First published with Lawtext Publishing's Bio-Science Law Review - Volume 18 - Issue 6
In previous instalments of this mini-series we looked at whether you can and when you should patent AI/ML innovation in the Life Sciences and provided some practical considerations to bear in mind. In this last instalment, we are looking at the more esoteric question of whether AI can make inventions by itself. We don’t dwell on the question as to what happens should AI do so, for reasons that will become clear when you read on.
Innovations Made Using AI
Drug discovery and development is perhaps the most prominent area where AI can be used to make discoveries, such as new target compounds or medical uses for existing compounds, that can be patented in their own right. The question has been asked whether the use of AI in these discoveries has ramifications for the ability to protect them by means of patents.
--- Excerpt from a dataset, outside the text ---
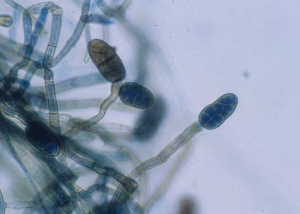 Quelques conidies pluricellulaires et muriformes se forment à l'extrémité de conidiophores enflés à leur extrémité. Par la suite, ces spores brunissent progressivement. <b><i>Stemphylium botryosum</i> f. <i>lactucum</i></b> (stemphyliose, "<i>stemphylium</i> leaf spot")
A lot of attention has recently been focused around the globe on the question as to whether inventions made by AI, where the inventor is said to be a machine without involvement from a human, can be patented.13 In most cases, this has been answered in the negative. However, we believe that this question is, for the time being at least, fundamentally ill-posed, albeit that it may well become relevant in the future should we develop autonomous intelligent machines that can think for themselves, often referred to as Artificial General Intelligence. For the time being, and probably in the near to medium-term future, this is not a technological reality. While AI today certainly assists, and in some cases maybe even automates discovery, autonomous discovery or invention by a machine is not part of the current state of the art.14 With that in mind, there seems to be no obstacle to patenting innovation that has been generated using AI technology, even to automate the discovery. Where such innovation meets the criteria of patentability, in particular where it is novel and inventive as judged against the state of the art, patent protection would be possible. A little thought experiment here illustrates the point.
Consider a hypothetical researcher, Alice, who runs a screening program to discover a cure for cancer. She takes a free public database of organic compounds, picks compounds at random and tries them one by one on a mouse cancer model. There are a lot of compounds, some of them benign, some toxic, and so over the years, there are a lot of dead mice. After many years, Alice is surprised to come to the lab one morning and find that the mouse fed compound #123456789 is clear of cancer. Alice writes a patent application for the use of compound #123456789 for cancer treatment and files it at the patent office.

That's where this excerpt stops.